I have to fix this, or at least try to. I owe it to her, especially after I just accused her of the dumbest shit possible.

Ironically, in a twisted way, I almost wish I hadn’t remembered the condom myself . . .

No. No, I don’t. I just don’t want her to leave me, and I don’t know what else to do to get her to stay. A baby isn’t the answer, that’s for damn sure. I’ve done everything I possibly can except lock her in the apartment. Sure, it’s an idea that’s actually crossed my mind a few times, but I don’t think she would like it too much. Plus she’d probably get a vitamin-D deficiency. And stop going to yoga . . . and so stop wearing those pants.

I need to go inside and apologize for embarrassing her and being a dick to her before the entire gang returns. Maybe I’ll get lucky, and they’ll get lost in the woods for a few hours.

But first, I have something else I need to do. I climb out of the hot tub and walk into the room; it’s cold as hell now that I’m only wearing soaked boxers. I glance back and forth between my phone and the bathroom door connected to our room. The shower’s still running, so I grab my phone and a blanket from the back of the chair before stepping back out onto the balcony.

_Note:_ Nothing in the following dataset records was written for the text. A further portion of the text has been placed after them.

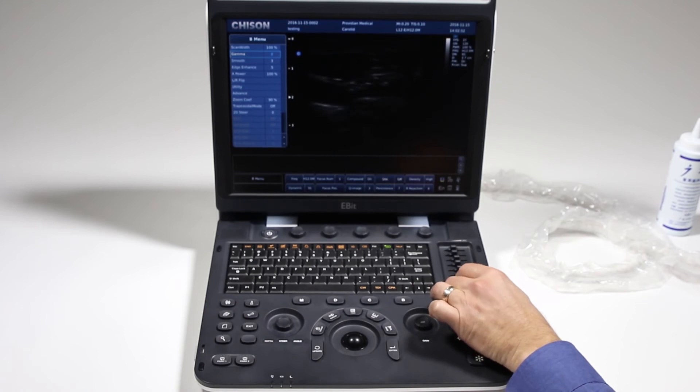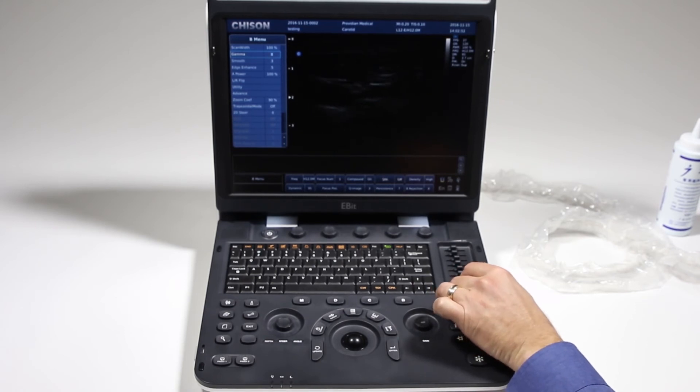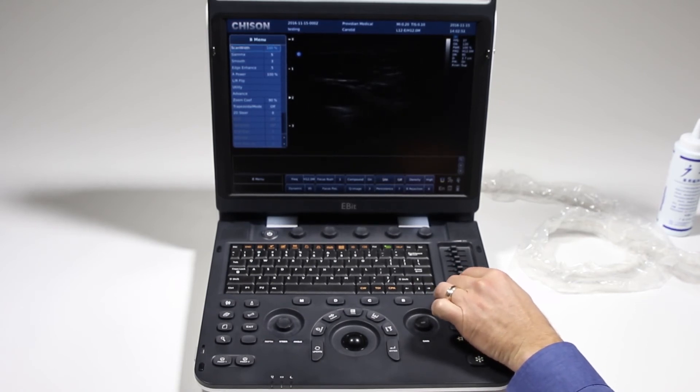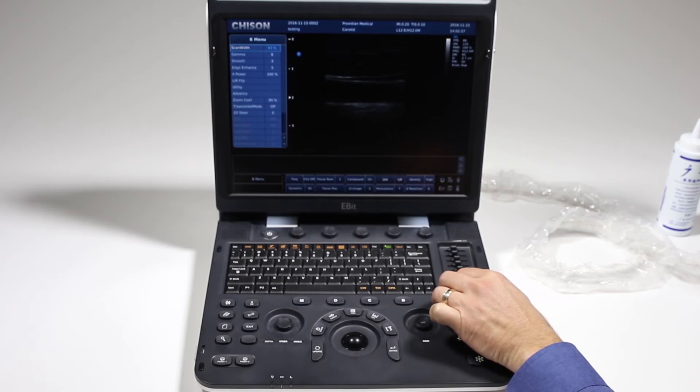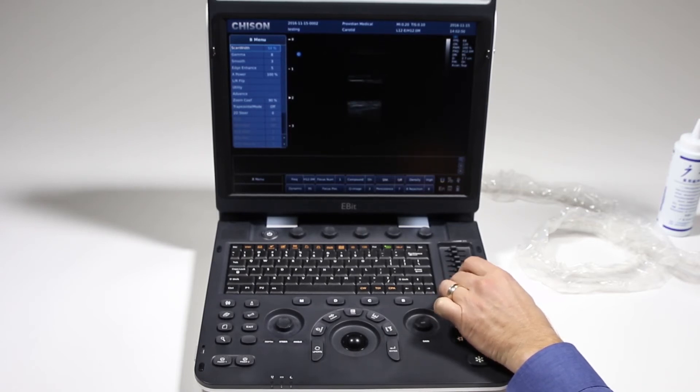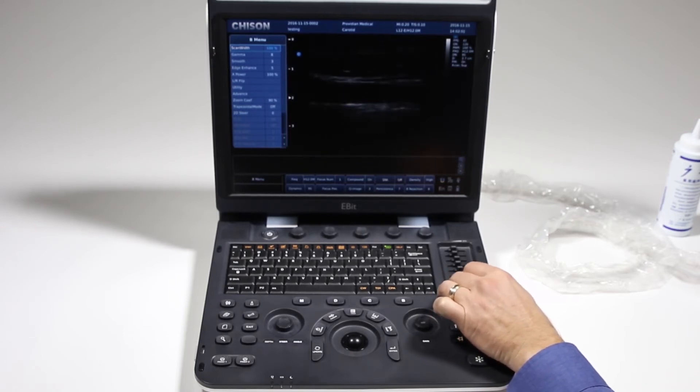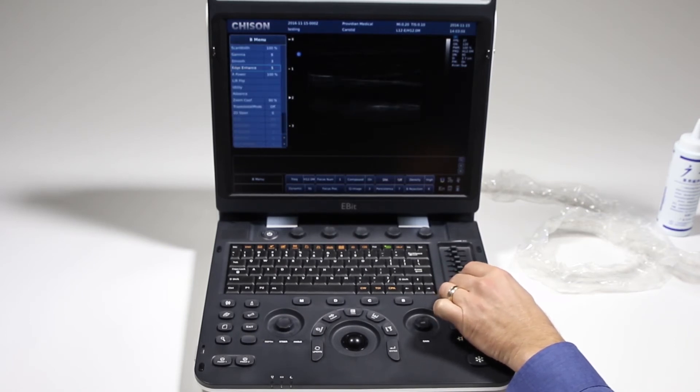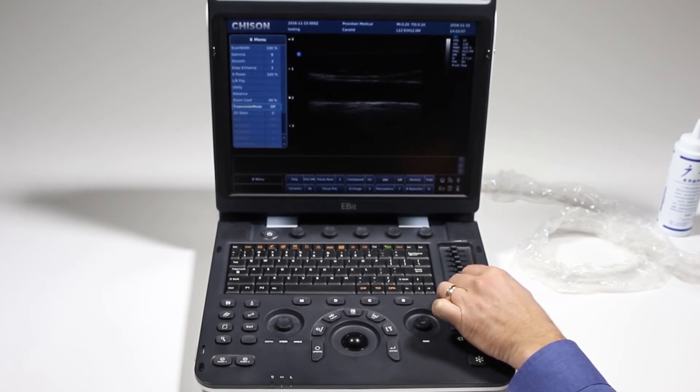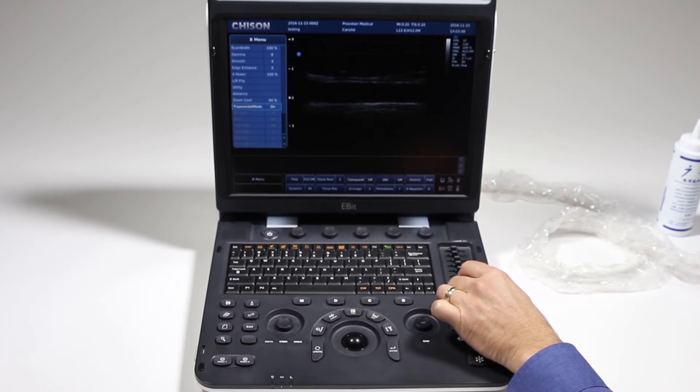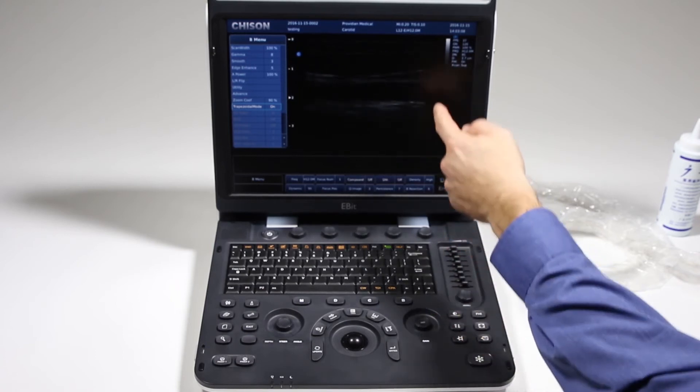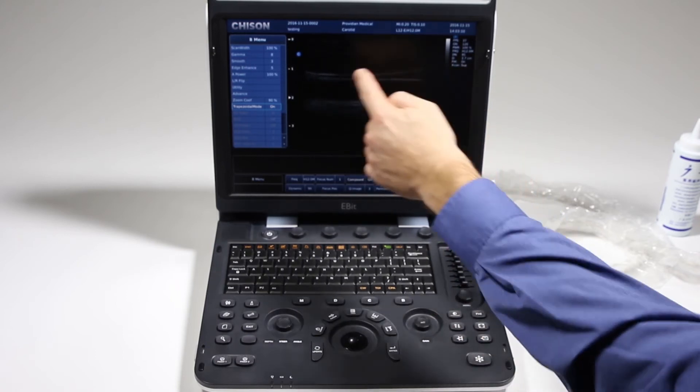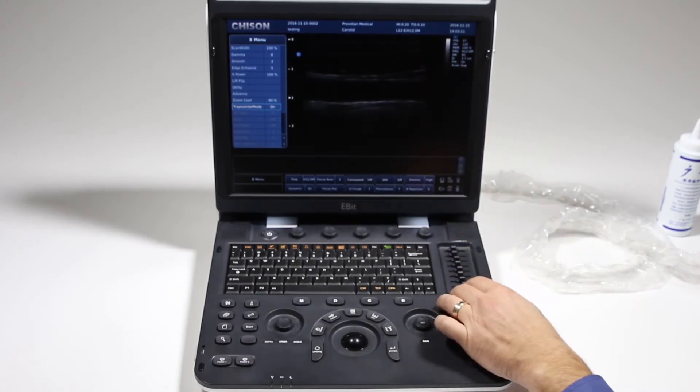The scan width, you can use that to increase your frame rate. We went straight up to 86 by decreasing the scan width. Trapezoidal mode, I'll give you a real quick show of what that looks like. I'll turn it on and it gives me a wider image down there.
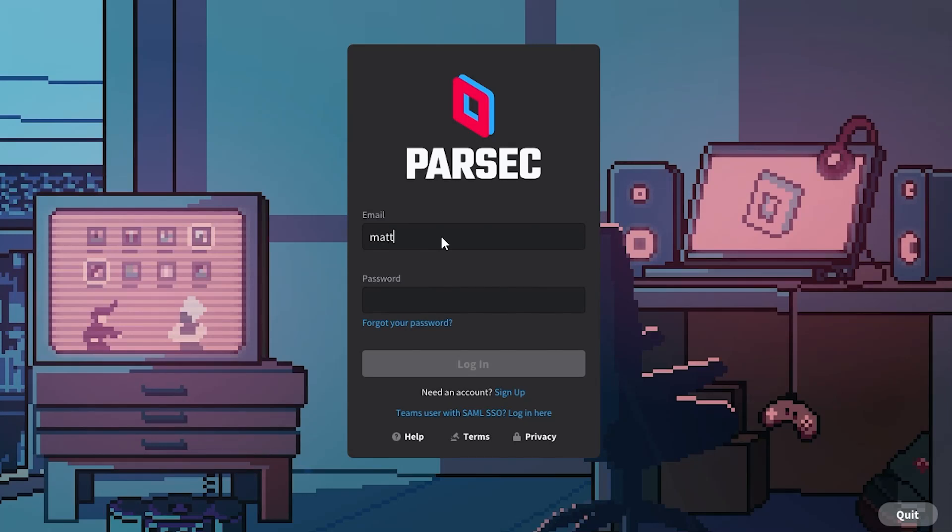Welcome to Parsec. So, you've decided to get a shiny new Parsec for Teams license. You're all set to work and collaborate from anywhere on your own terms.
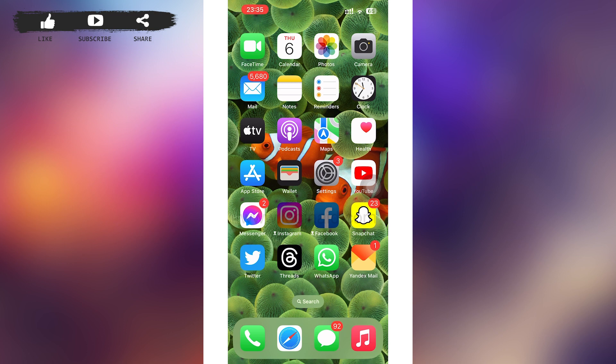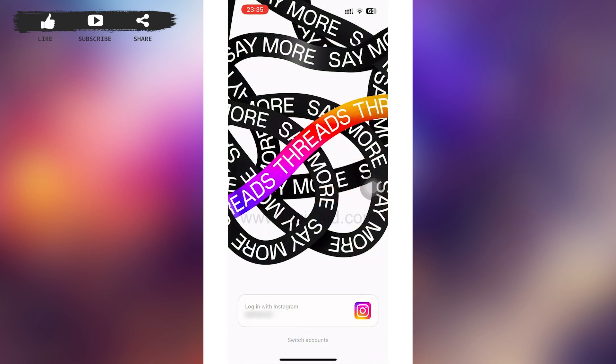First of all, tap to open your Threads app. After that, you'll be loaded to a page interface something like this. Then you can see the 'Login with Instagram' option at the bottom of your page — tap on it if that's the Instagram account you want to use.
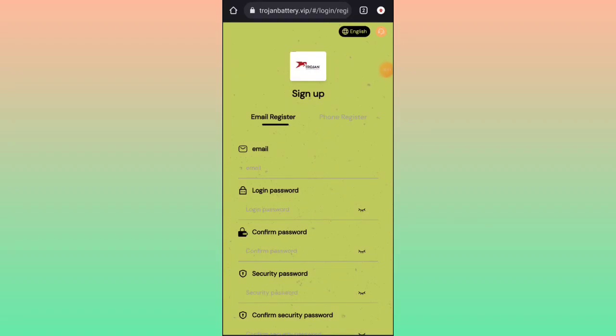Hello guys, welcome to my new video. Today I am explaining about a new UCD earnings site. This earnings site is available in my video description — check out my description.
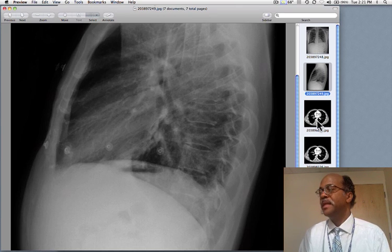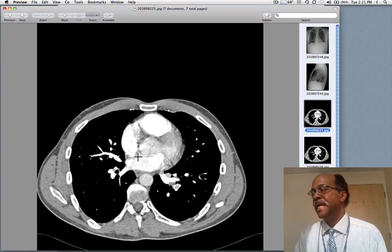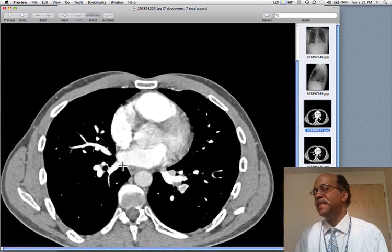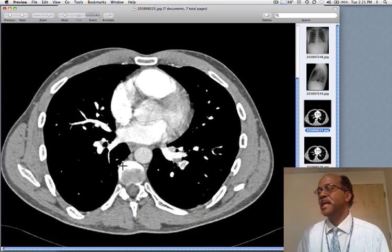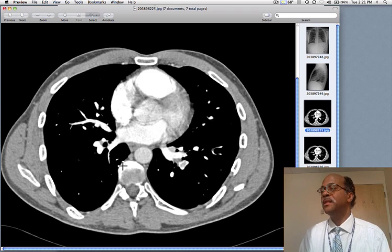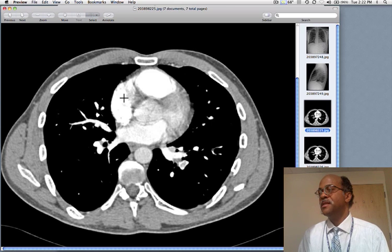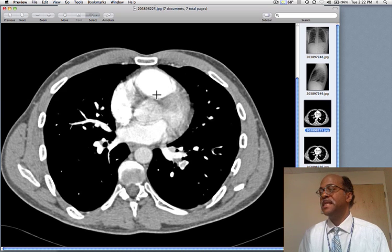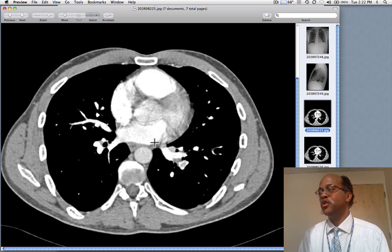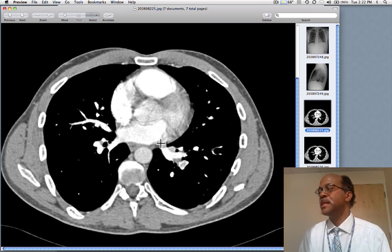We did a pulmonary embolus CT. The scan was done with intravenous iodine contrast, seen here in the right ventricle and right atrium — it's denser, of higher attenuation, than the contrast in the left atrium, because we're doing this to optimize the visualization of the pulmonary arteries.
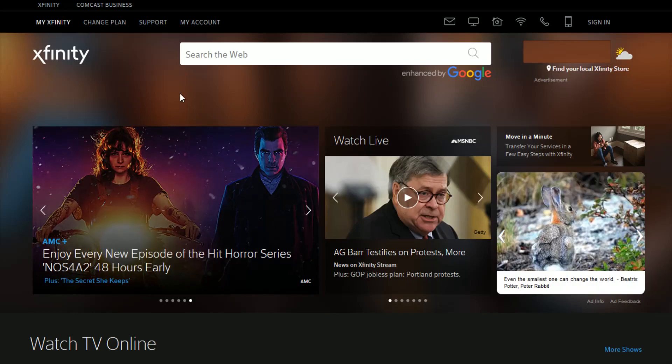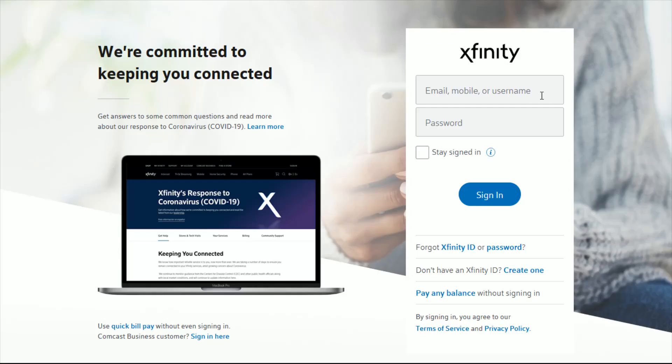Once you're on Xfinity's webpage, click where it says My Account. If you have not already done so, it's going to prompt you to log into your Xfinity account using either the email, mobile number, or username that you have hooked into your account, as well as your password. Once you have those entered in, go ahead and click Sign In.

I scroll through my contacts and find the name Samuel; real fucking clever decoy, there. I don’t know why I saved this woman’s number anyway; I guess I knew somehow I’d get tangled in a fucking web and have to call the bitch back. I changed the name in case Tessa went snooping through my shit, which I knew she would do. I thought she’d caught me when she asked about my deleted history and heard me yelling at Molly on the phone.

In some ways, I’m sure she’d rather see Molly on my call log than this person.

Chapter twenty-six

TESSA

I can’t believe Hardin had the nerve to accuse me of trying to get myself pregnant, or even thinking that there’s even a small chance that I would do something like that to him . . . or to myself. The whole thing’s just absurd and stupid all around.

Everything was going so great—incredible, really—until he mentioned the condom. He should have just gotten out of the water and grabbed one; I know he has a pile of them in the top of his suitcase. I watched him shove them in there after I neatly packed our bags.